> MATERIAL SHOWN:
______

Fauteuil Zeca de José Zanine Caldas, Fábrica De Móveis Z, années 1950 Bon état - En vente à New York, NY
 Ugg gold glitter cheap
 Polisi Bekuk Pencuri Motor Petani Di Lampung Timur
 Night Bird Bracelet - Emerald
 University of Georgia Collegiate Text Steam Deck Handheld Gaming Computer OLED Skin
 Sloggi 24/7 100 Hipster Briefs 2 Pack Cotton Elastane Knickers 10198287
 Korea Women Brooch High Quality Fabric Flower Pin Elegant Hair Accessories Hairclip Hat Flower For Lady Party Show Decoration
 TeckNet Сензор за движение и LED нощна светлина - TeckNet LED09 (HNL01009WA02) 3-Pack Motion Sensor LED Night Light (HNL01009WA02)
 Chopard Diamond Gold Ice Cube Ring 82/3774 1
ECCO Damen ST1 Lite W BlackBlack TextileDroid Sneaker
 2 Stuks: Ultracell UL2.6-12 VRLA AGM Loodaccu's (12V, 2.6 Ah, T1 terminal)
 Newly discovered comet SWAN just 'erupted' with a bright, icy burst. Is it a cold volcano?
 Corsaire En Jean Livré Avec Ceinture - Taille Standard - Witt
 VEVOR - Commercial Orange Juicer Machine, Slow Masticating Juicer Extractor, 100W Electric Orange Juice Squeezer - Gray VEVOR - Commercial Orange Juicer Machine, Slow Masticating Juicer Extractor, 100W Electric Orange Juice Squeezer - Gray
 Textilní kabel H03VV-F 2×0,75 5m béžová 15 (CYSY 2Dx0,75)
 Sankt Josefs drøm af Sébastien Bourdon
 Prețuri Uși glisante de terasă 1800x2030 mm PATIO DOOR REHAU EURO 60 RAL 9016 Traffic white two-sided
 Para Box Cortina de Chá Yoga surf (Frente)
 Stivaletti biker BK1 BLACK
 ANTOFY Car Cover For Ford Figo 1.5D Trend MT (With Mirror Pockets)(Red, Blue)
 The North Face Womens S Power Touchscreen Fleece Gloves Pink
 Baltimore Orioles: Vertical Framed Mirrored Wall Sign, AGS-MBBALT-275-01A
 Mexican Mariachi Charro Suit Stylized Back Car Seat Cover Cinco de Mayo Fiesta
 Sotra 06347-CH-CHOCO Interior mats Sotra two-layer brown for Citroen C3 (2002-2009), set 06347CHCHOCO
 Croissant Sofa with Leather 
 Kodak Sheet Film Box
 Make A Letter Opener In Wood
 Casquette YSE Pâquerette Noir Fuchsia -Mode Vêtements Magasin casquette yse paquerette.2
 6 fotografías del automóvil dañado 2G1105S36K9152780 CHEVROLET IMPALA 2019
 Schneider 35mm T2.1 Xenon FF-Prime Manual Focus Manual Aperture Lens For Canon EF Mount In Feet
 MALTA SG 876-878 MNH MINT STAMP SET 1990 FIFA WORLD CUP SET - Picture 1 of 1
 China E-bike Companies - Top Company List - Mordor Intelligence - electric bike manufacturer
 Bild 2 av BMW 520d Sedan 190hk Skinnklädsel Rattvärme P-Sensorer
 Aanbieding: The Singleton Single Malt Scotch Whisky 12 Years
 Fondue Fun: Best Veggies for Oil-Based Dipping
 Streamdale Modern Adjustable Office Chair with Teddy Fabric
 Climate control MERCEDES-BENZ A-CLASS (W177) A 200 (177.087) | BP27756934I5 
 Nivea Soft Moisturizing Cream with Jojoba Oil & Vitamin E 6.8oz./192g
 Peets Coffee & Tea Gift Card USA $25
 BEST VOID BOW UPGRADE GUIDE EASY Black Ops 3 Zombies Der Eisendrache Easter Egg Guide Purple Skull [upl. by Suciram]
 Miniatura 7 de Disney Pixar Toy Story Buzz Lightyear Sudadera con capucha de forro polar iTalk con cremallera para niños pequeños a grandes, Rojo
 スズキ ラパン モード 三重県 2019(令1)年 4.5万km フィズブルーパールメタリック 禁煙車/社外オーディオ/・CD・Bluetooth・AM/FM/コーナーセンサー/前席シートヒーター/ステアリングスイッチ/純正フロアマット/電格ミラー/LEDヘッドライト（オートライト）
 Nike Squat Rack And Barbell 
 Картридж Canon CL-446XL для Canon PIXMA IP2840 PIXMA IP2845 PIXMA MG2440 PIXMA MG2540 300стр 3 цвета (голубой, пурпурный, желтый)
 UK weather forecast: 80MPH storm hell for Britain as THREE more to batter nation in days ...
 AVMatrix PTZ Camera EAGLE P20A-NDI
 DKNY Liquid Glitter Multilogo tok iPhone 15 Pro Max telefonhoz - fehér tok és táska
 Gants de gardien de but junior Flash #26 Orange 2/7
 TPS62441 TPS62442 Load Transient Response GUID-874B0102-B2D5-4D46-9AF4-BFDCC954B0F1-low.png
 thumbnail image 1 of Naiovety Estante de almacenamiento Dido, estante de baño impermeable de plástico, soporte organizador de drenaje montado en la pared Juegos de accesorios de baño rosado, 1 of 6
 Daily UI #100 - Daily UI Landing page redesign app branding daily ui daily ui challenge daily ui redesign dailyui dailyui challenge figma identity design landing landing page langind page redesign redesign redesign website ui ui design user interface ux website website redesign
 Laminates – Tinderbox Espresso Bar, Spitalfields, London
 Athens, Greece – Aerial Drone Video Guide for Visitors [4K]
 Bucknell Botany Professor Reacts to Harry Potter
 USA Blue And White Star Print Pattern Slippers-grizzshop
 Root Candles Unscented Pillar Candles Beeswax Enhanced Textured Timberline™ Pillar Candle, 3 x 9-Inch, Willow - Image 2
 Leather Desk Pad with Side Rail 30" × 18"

______

Return each full line of the entries that contains the word "Leather".

 Croissant Sofa with Leather 
 Leather Desk Pad with Side Rail 30" × 18"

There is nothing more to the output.